• **Task to carry out**:
Transcribe the records word for word. Leave every picture out.

• **Data**:

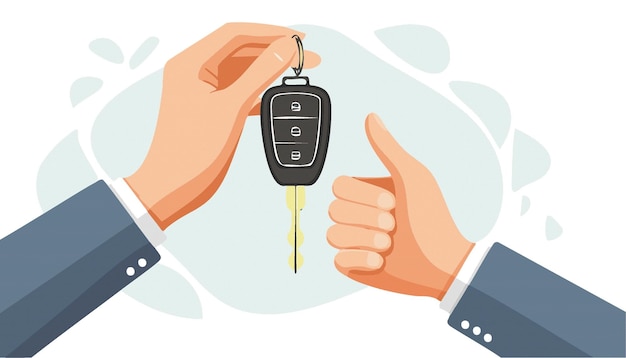 Businessman hold car key on white Vector illustration Clipart image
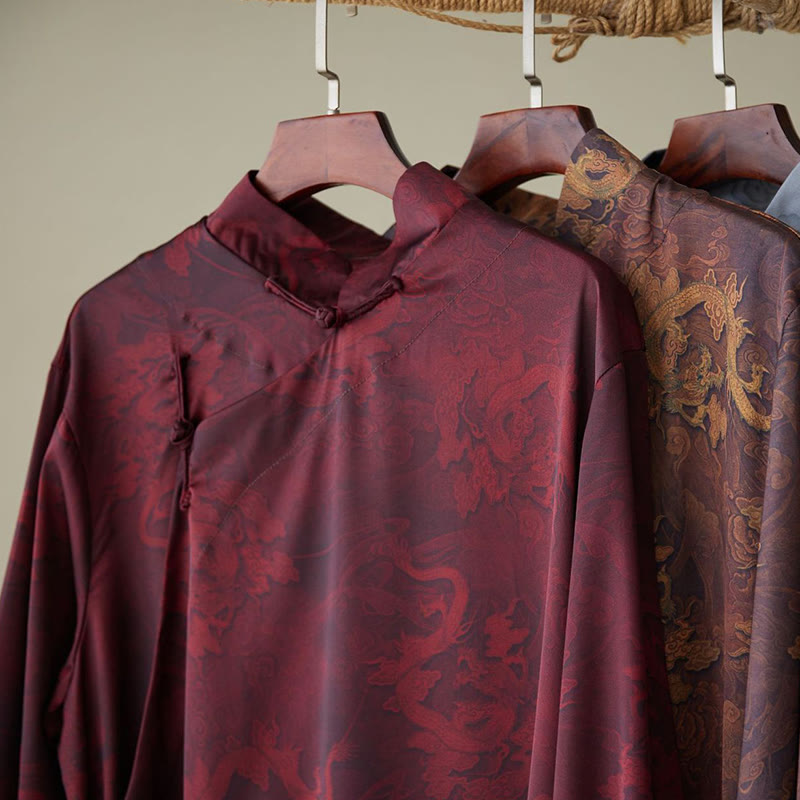 Buddha Stonesヴィンテージ中国製カエルボタン唐装メンズドラゴンコットンローブ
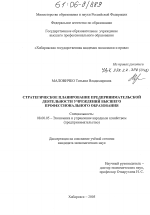 Стратегическое планирование предпринимательской деятельности учреждений высшего профессионального образования - тема диссертации по экономике, скачайте бесплатно в экономической библиотеке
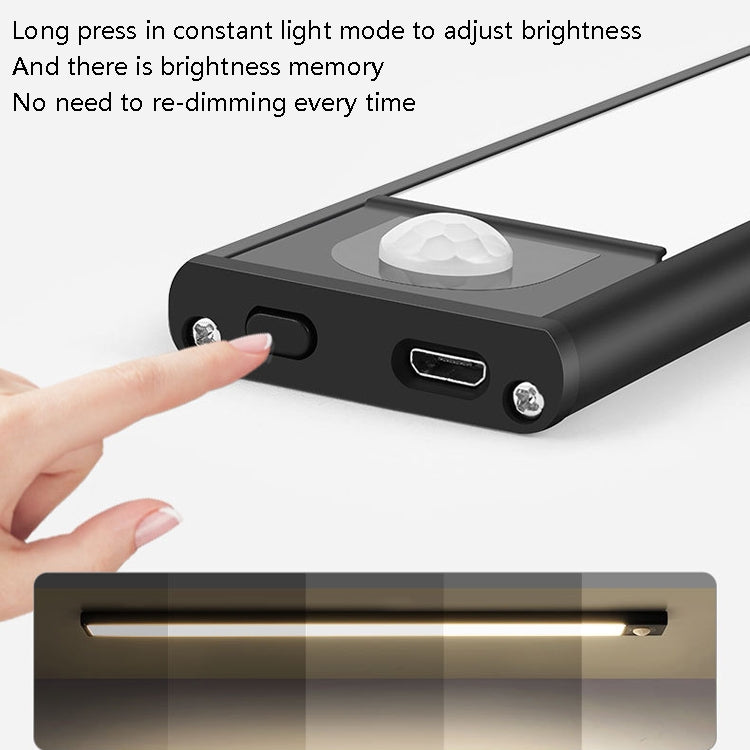 Intelligent Automatic Human Body Induction Wireless LED Lamp 40cm(Black + Warm Light)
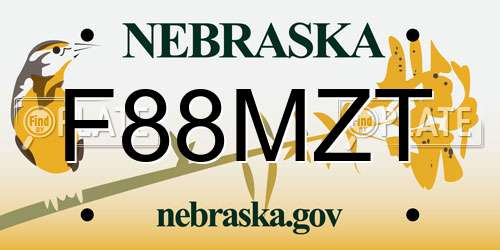 F88MZT Nebraska License Plate
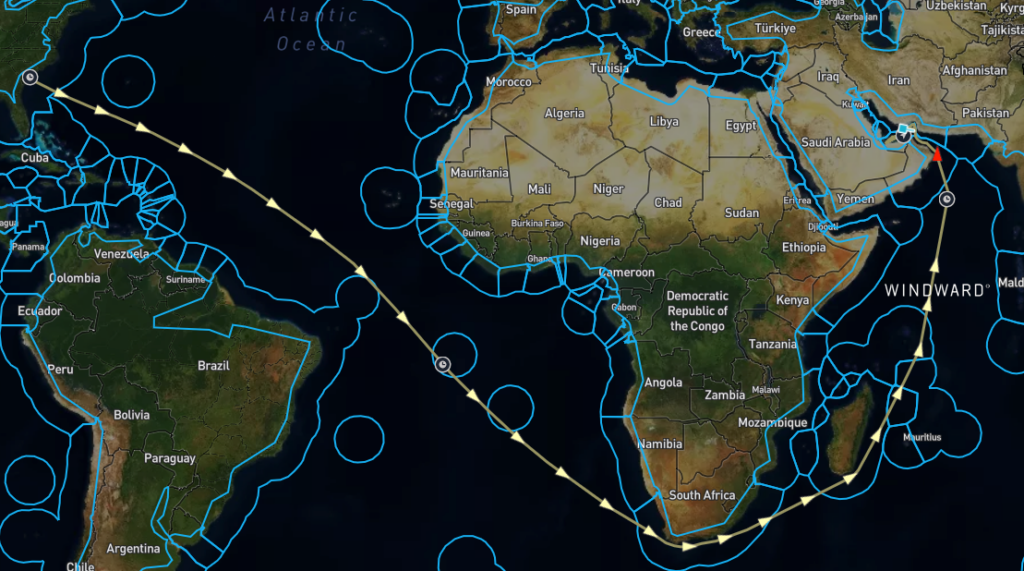 The ONE MAJESTY’s position on March 11, 2026. Source: Windward Maritime AI™ Platform.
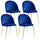 Lot de 4 Chaises Rembourrées 49x52x79 cm en Velours Bleu et Doré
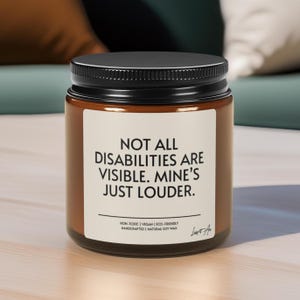 Disability Scented Candle, Gift for Disabled Family, Disability Pride Month Gift for Friend, Present for Disability Awareness, Tourette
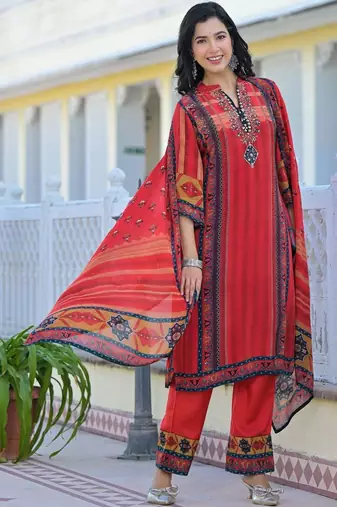 Women Ethnic Motifs Printed Regular Thread Work Kurta with Trousers & With Dupatta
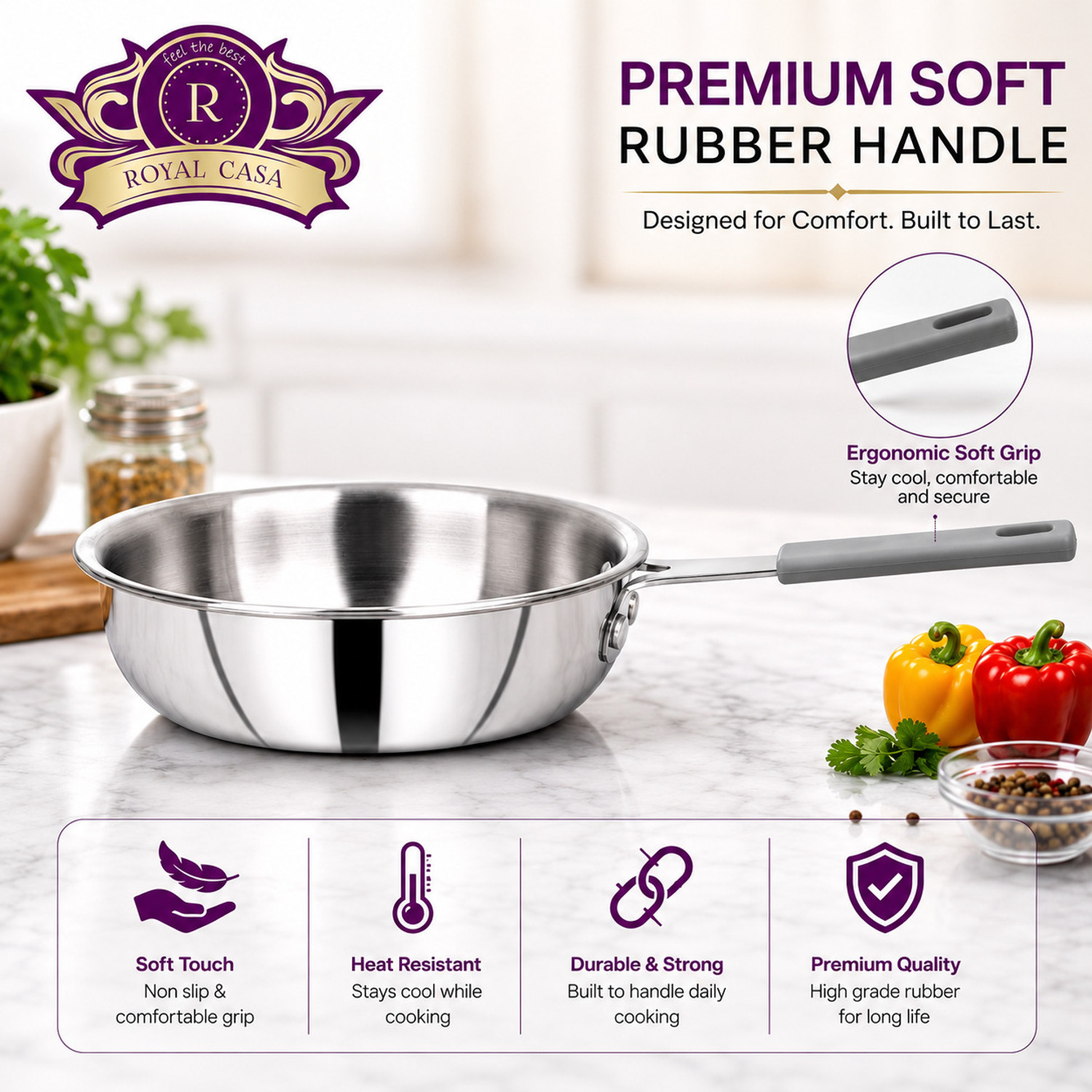 Image of ROYAL CASA The Chef's Choice Premium Triply Mini Fry Pan Fry Pan 12 cm diameter 0.25 L capacity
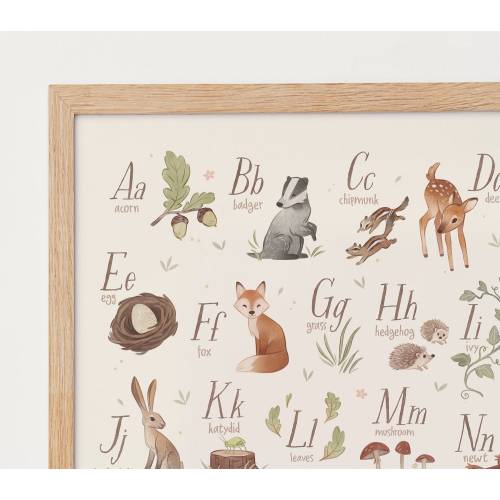 Woodland Alphabet Poster, Woodland Alphabet Print, Woodland Nursery, Enchanted Forest Nursery, Woodland Art Print, Woodland ABC, Printable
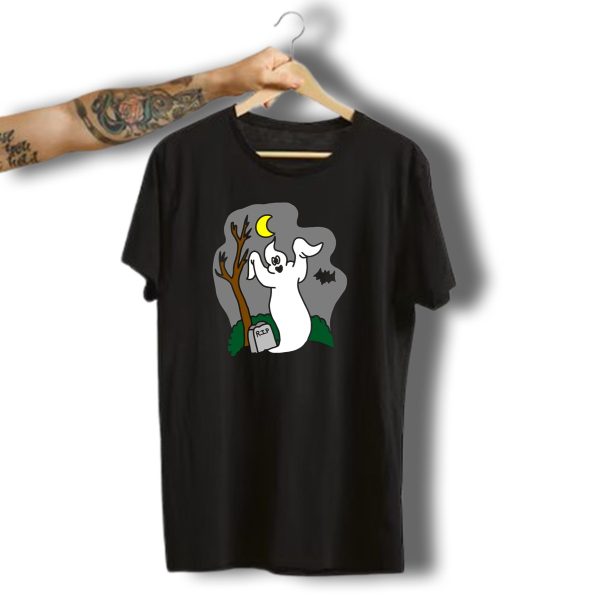 Halloween Ghost With Rip Tombstone And Moon T Shirt t shirt 1
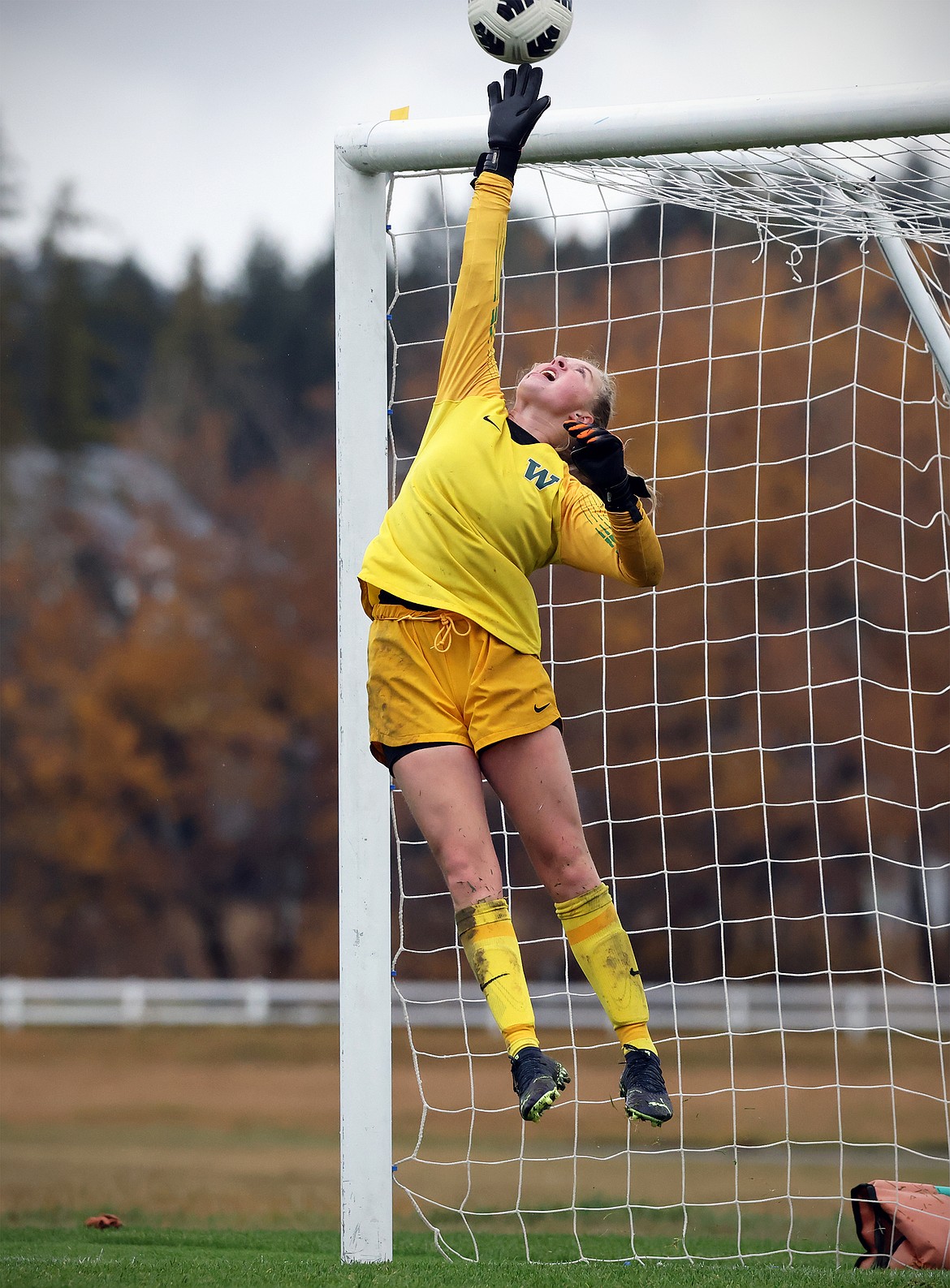 Whitefish keeper Norah Schmidt knocks away a Hamilton shot during the second half of the State A semi-finals Saturday. (Jeremy Weber/Bigfork Eagle)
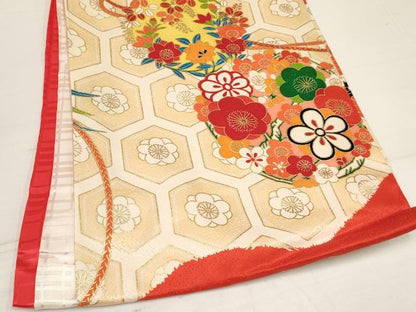 平和屋着物[]お宮参り　女の子　祝着　産着　初着　のしめ　駒刺繍　飛鶴花丸文　金彩　逸品　DAAS9170ma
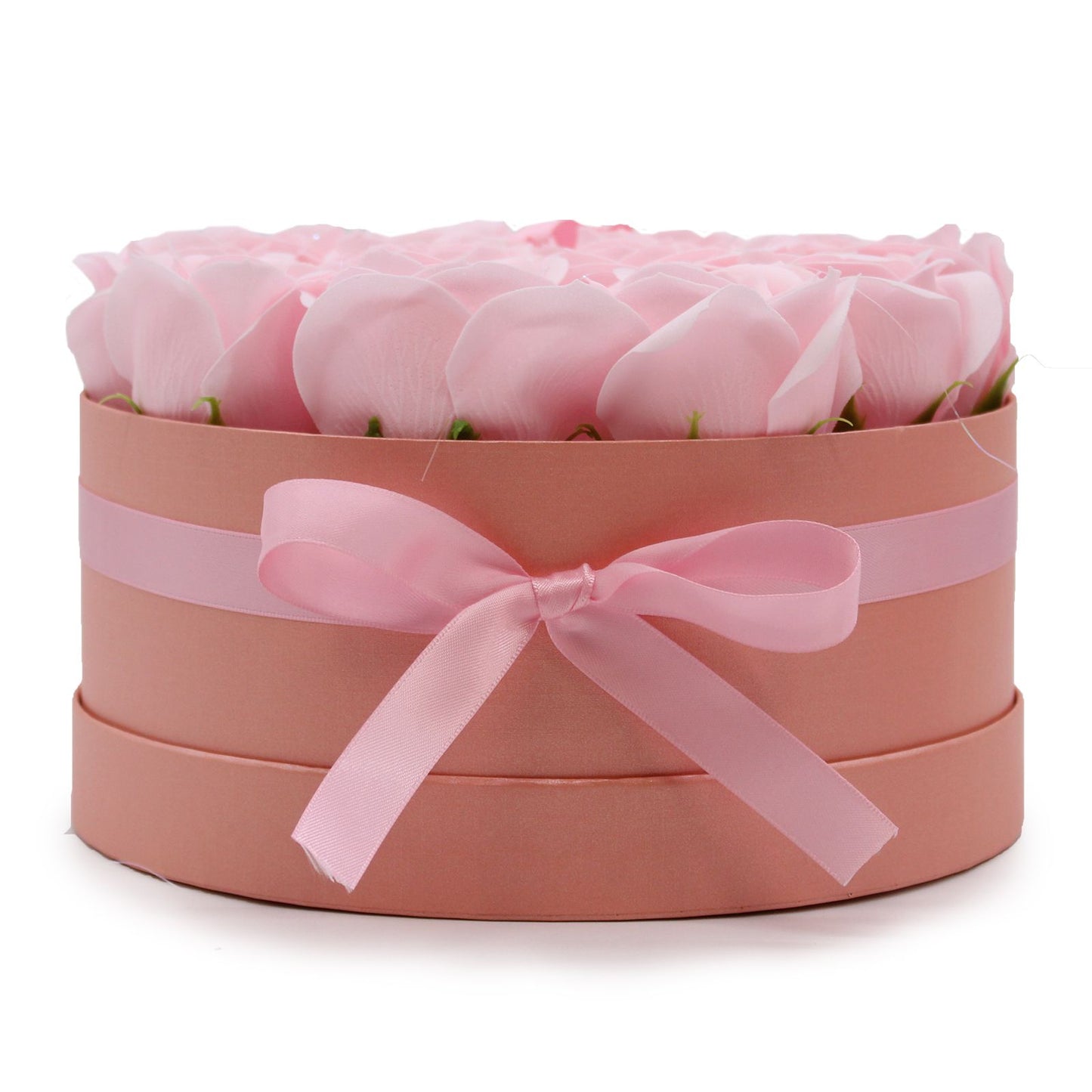 Seifenblumen Geschenkstrauß mit 14 Rosa Rosen in Runde Box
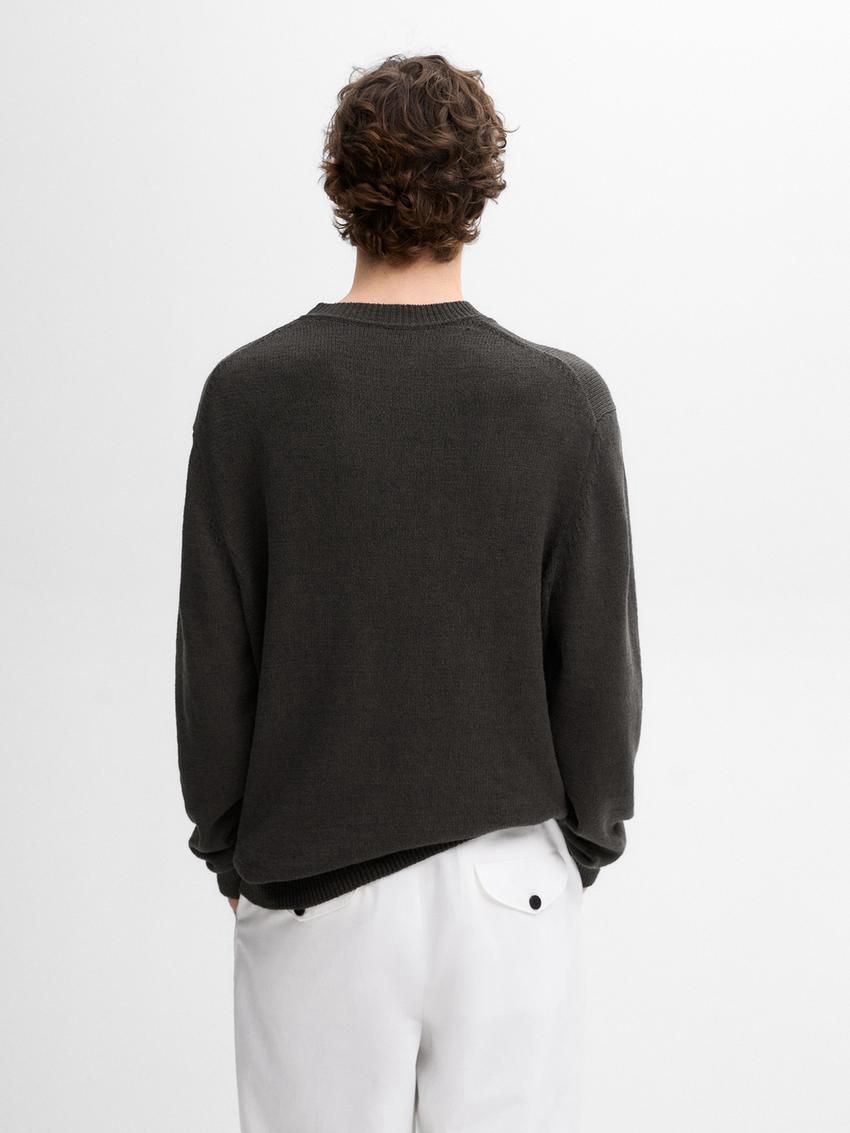 Massimo Dutti Crew Neck Knit Men Sweater Dark Grey | US-JG5942017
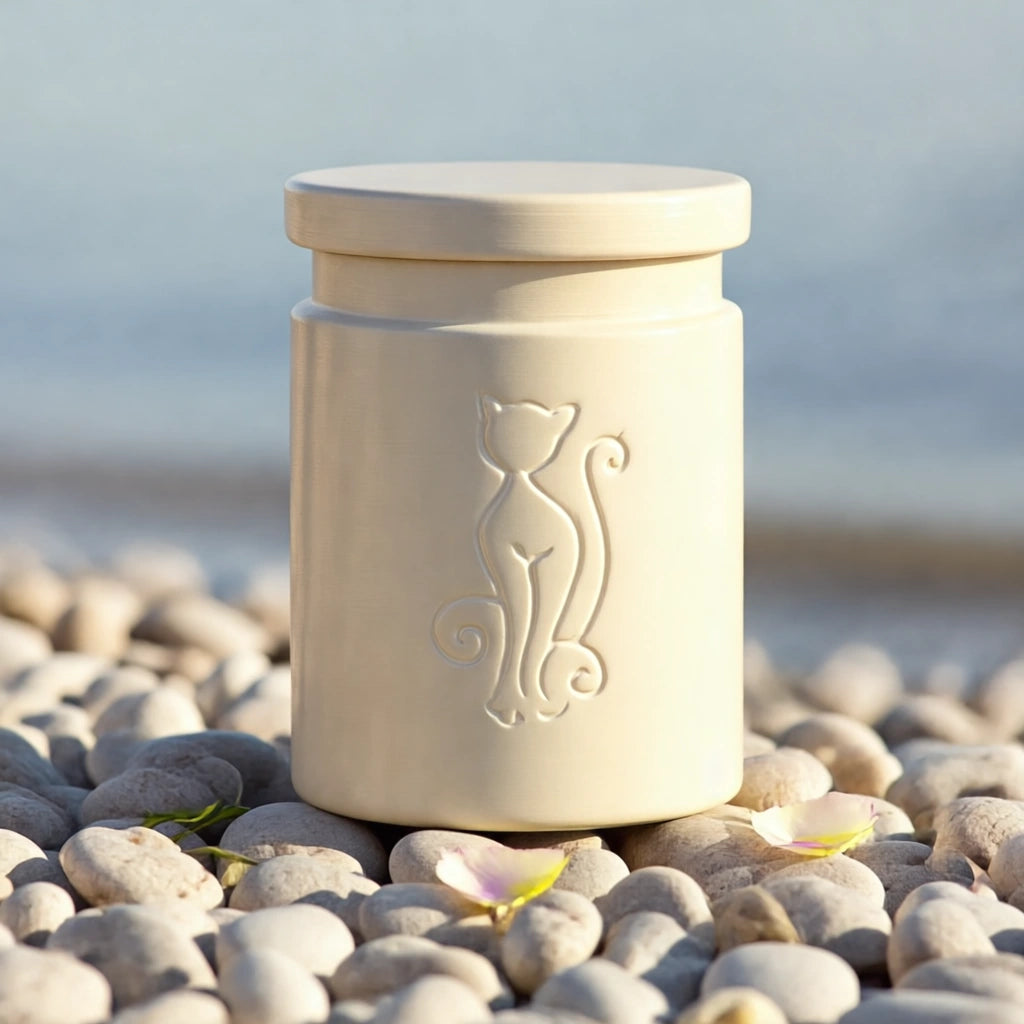 Graceful Cat Biodegradable Pet Urn for Ashes - White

• **Output**:
 Businessman hold car key on white Vector illustration Clipart image
 Buddha Stonesヴィンテージ中国製カエルボタン唐装メンズドラゴンコットンローブ
 Стратегическое планирование предпринимательской деятельности учреждений высшего профессионального образования - тема диссертации по экономике, скачайте бесплатно в экономической библиотеке
 Intelligent Automatic Human Body Induction Wireless LED Lamp 40cm(Black + Warm Light)
 F88MZT Nebraska License Plate
 The ONE MAJESTY’s position on March 11, 2026. Source: Windward Maritime AI™ Platform.
 Lot de 4 Chaises Rembourrées 49x52x79 cm en Velours Bleu et Doré
 Disability Scented Candle, Gift for Disabled Family, Disability Pride Month Gift for Friend, Present for Disability Awareness, Tourette
 Women Ethnic Motifs Printed Regular Thread Work Kurta with Trousers & With Dupatta
 Image of ROYAL CASA The Chef's Choice Premium Triply Mini Fry Pan Fry Pan 12 cm diameter 0.25 L capacity
 Woodland Alphabet Poster, Woodland Alphabet Print, Woodland Nursery, Enchanted Forest Nursery, Woodland Art Print, Woodland ABC, Printable
 Halloween Ghost With Rip Tombstone And Moon T Shirt t shirt 1
 Whitefish keeper Norah Schmidt knocks away a Hamilton shot during the second half of the State A semi-finals Saturday. (Jeremy Weber/Bigfork Eagle)
 平和屋着物[]お宮参り　女の子　祝着　産着　初着　のしめ　駒刺繍　飛鶴花丸文　金彩　逸品　DAAS9170ma
 Seifenblumen Geschenkstrauß mit 14 Rosa Rosen in Runde Box
 Massimo Dutti Crew Neck Knit Men Sweater Dark Grey | US-JG5942017
 Graceful Cat Biodegradable Pet Urn for Ashes - White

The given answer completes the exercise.